Sunday 12 June 2011

Treasures Old And New

In the middle of the week, I saw a debate on television featuring Chuka Umunna, Lord Oakeshott, and someone called Matthew Hancock, who I believe was given a safe seat too late for the local party to have any real say in the matter, as a present from his special friend George Osborne. Ah, those public schools, you know...

Anyway, we may leave aside anyone who imagines that Osborne is a figure of the slightest consequence. Ummuna was good, but it was Oakeshott, initially a member of this Coalition, who actually called for the paper fiction of UKFI to be discontinued. Quite right, too, since UKFI itself has said it, pretty much in so many words: no one is ever going to want to buy the nationalised banks, so they are going to be in public ownership for ever.

Once a Chocolate Soldier, always a Chocolate Soldier, it seems. Even if it was in the office of Roy Jenkins, with consequences for future party membership.
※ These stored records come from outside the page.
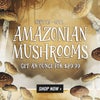 amazonian mushroom strain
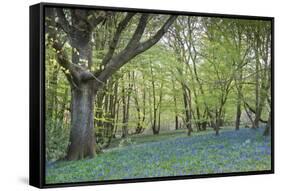 Bright Fresh Colorful Spring Bluebell Wood-Veneratio-Framed Stretched Canvas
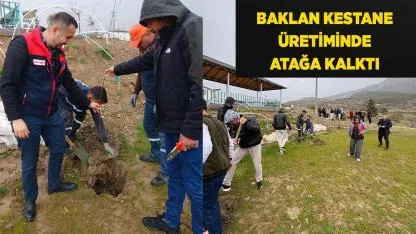 Baklan Kestane Üretiminde Atağa Kalktı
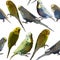 Seamless background with budgerigars in vector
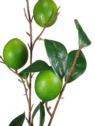 LIMONKA  GAŁĄZKA Z OWOCAMI 90CM GREEN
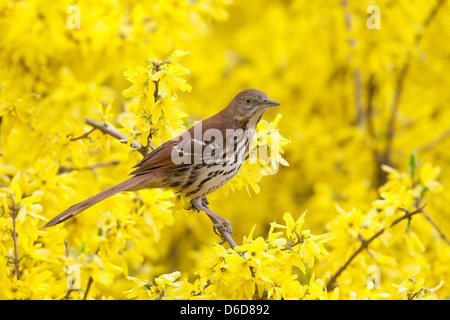 Thrasher brun perching dans Forsythia Blossoms oiseau oiseaux ornithologie Science nature faune Environnement Banque D'Images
Not only should Ed Miliband be promising to call a spade a spade by abolishing the silly, Blairy UKFI, one of New Labour's numerous throwbacks to John Major's "next-step agencies". He should also, including on that sort of basis, be reaching out to the many Old Labour types in the Lords and elsewhere whom the tides of ancient history have washed up in the Lib Dems, if anywhere.

Nothing would better signal the defeat of those who were Communists and Trotskyists in those days, and who hijacked the Labour Party after John Smith died. An ideal job, perhaps, for Chuka Umunna.